Reproduce every entry below precisely; do not include the pictures.

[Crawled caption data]
= = = = =

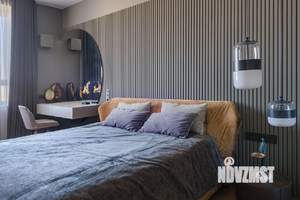 3-к квартира, на длительный срок, 109м2, 7/10 этаж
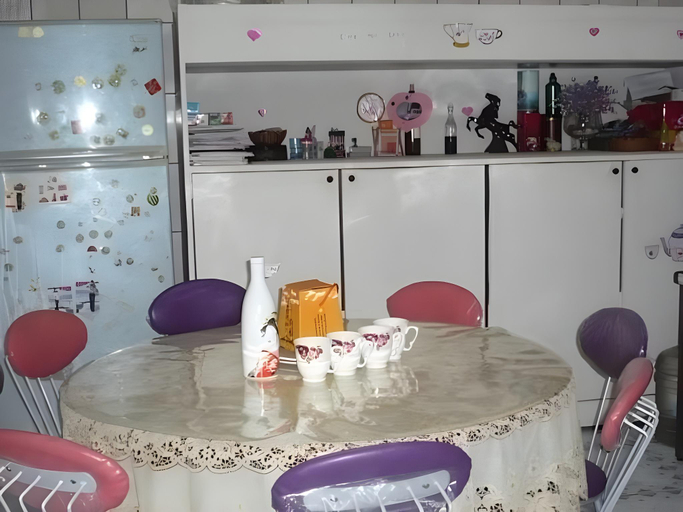 Food & Drinks 5, Xiang Feng B & B, Yilan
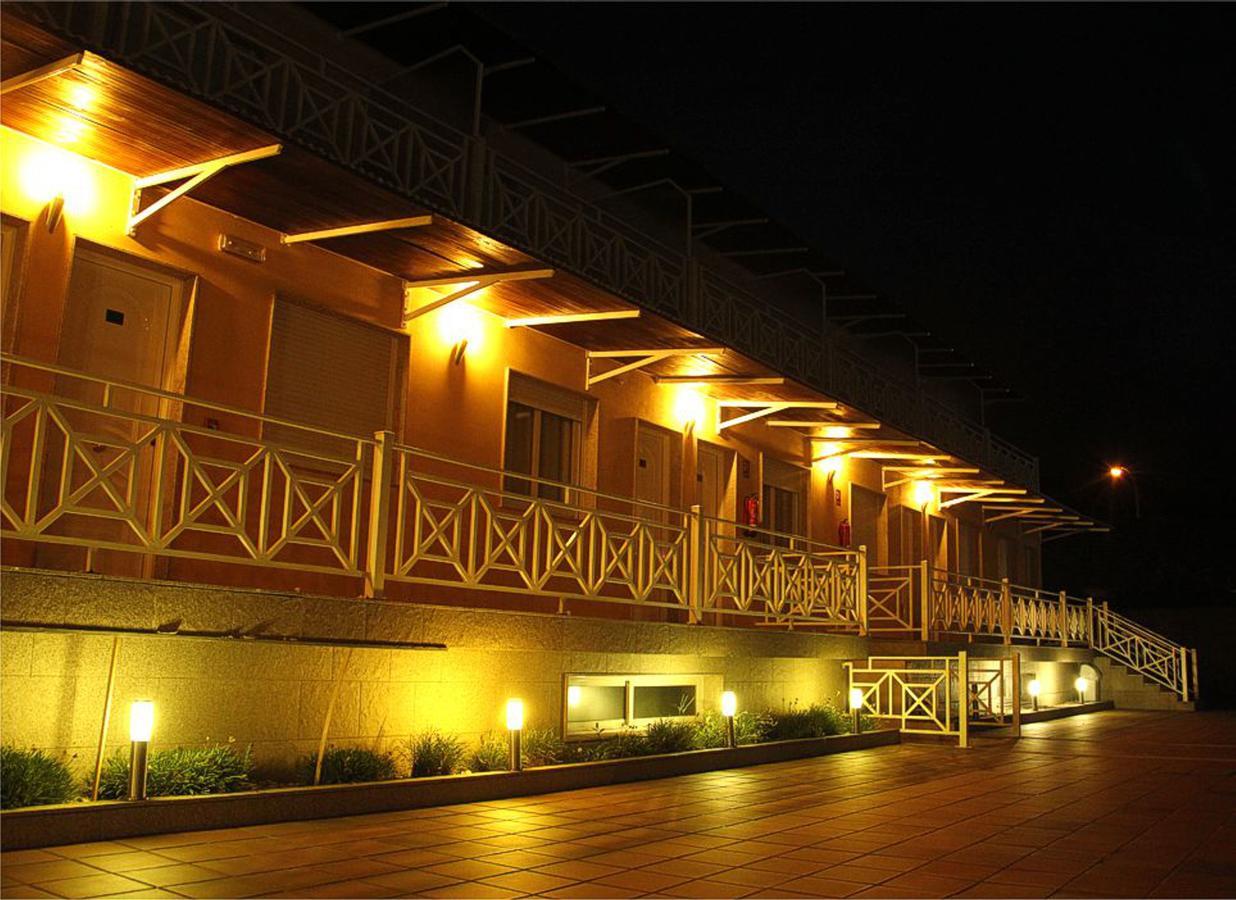 Sun Galicia Hotel Y Apartamentos Sanxenxo Exterior photo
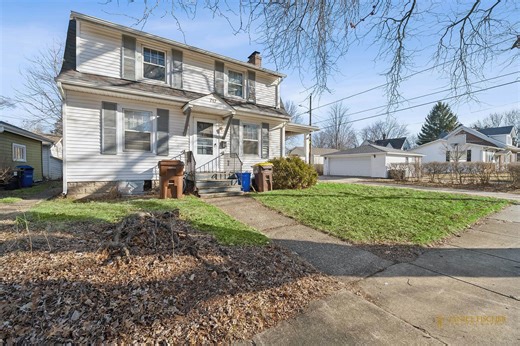 717 Ellis Ave, Rockford, IL 61103 - MLS 202601474 - Coldwell Banker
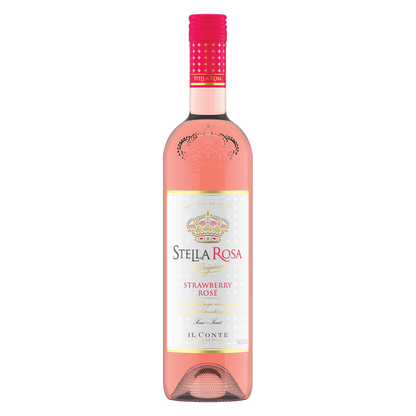 Stella Rosa Rose 750ml
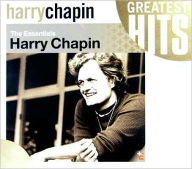 Title: The Essentials, Artist: Harry Chapin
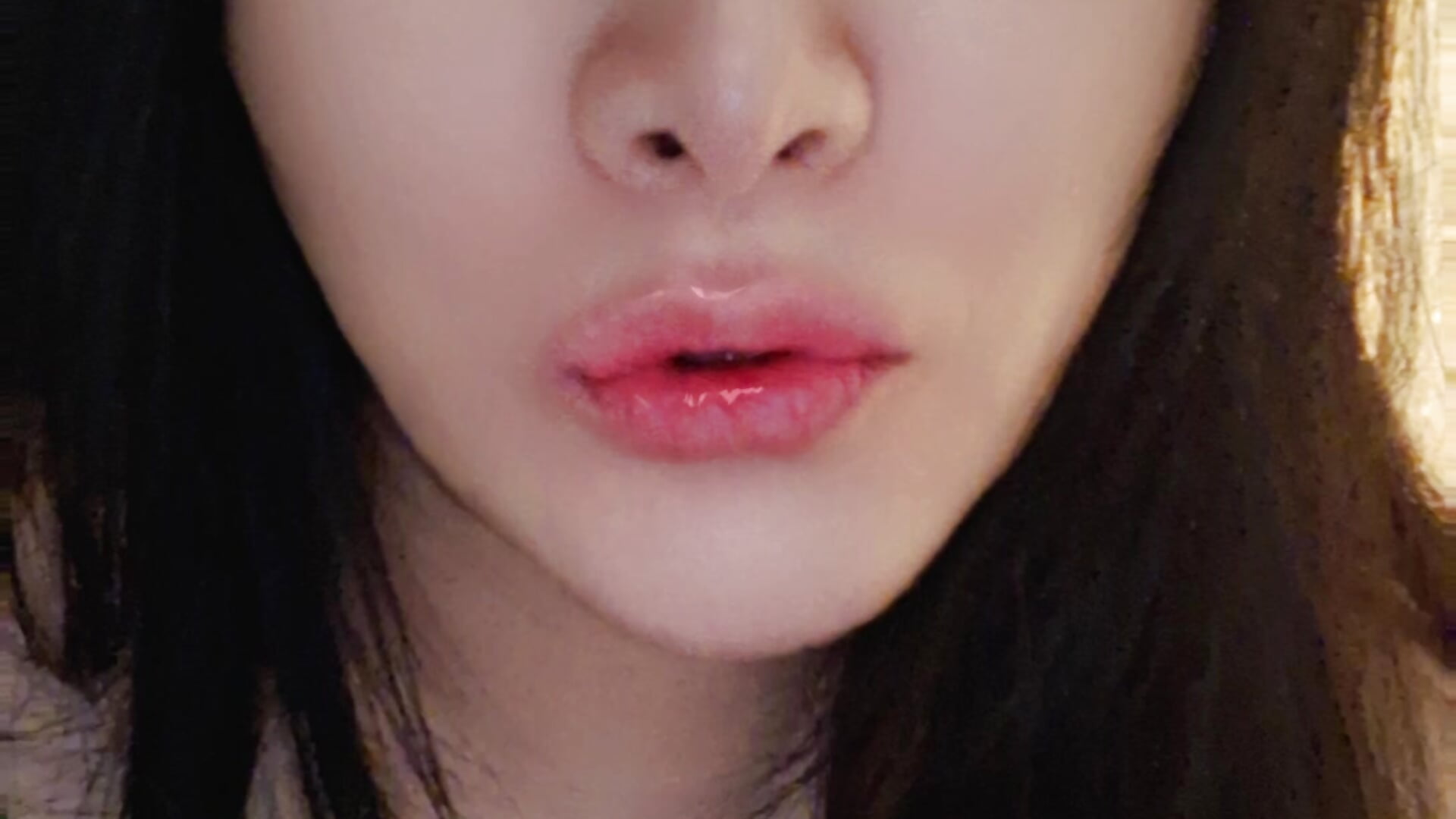 撮ってたらえっちしたくなっちゃった❤︎↝動画18禁 - video by NTR-Rikacyu cam model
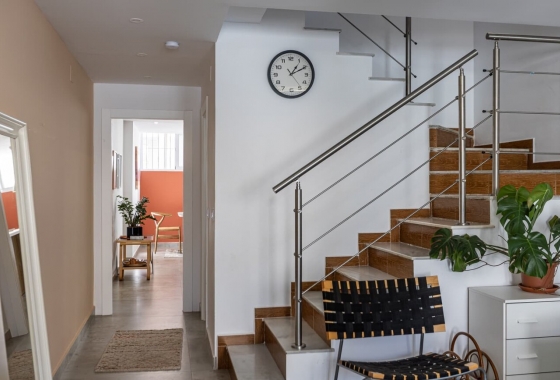 Reventa - Adosado - Torrevieja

= = = = =

• **Answer space**
 3-к квартира, на длительный срок, 109м2, 7/10 этаж
 Food & Drinks 5, Xiang Feng B & B, Yilan
 Sun Galicia Hotel Y Apartamentos Sanxenxo Exterior photo
 717 Ellis Ave, Rockford, IL 61103 - MLS 202601474 - Coldwell Banker
 Stella Rosa Rose 750ml
 Title: The Essentials, Artist: Harry Chapin
 撮ってたらえっちしたくなっちゃった❤︎↝動画18禁 - video by NTR-Rikacyu cam model
 Reventa - Adosado - Torrevieja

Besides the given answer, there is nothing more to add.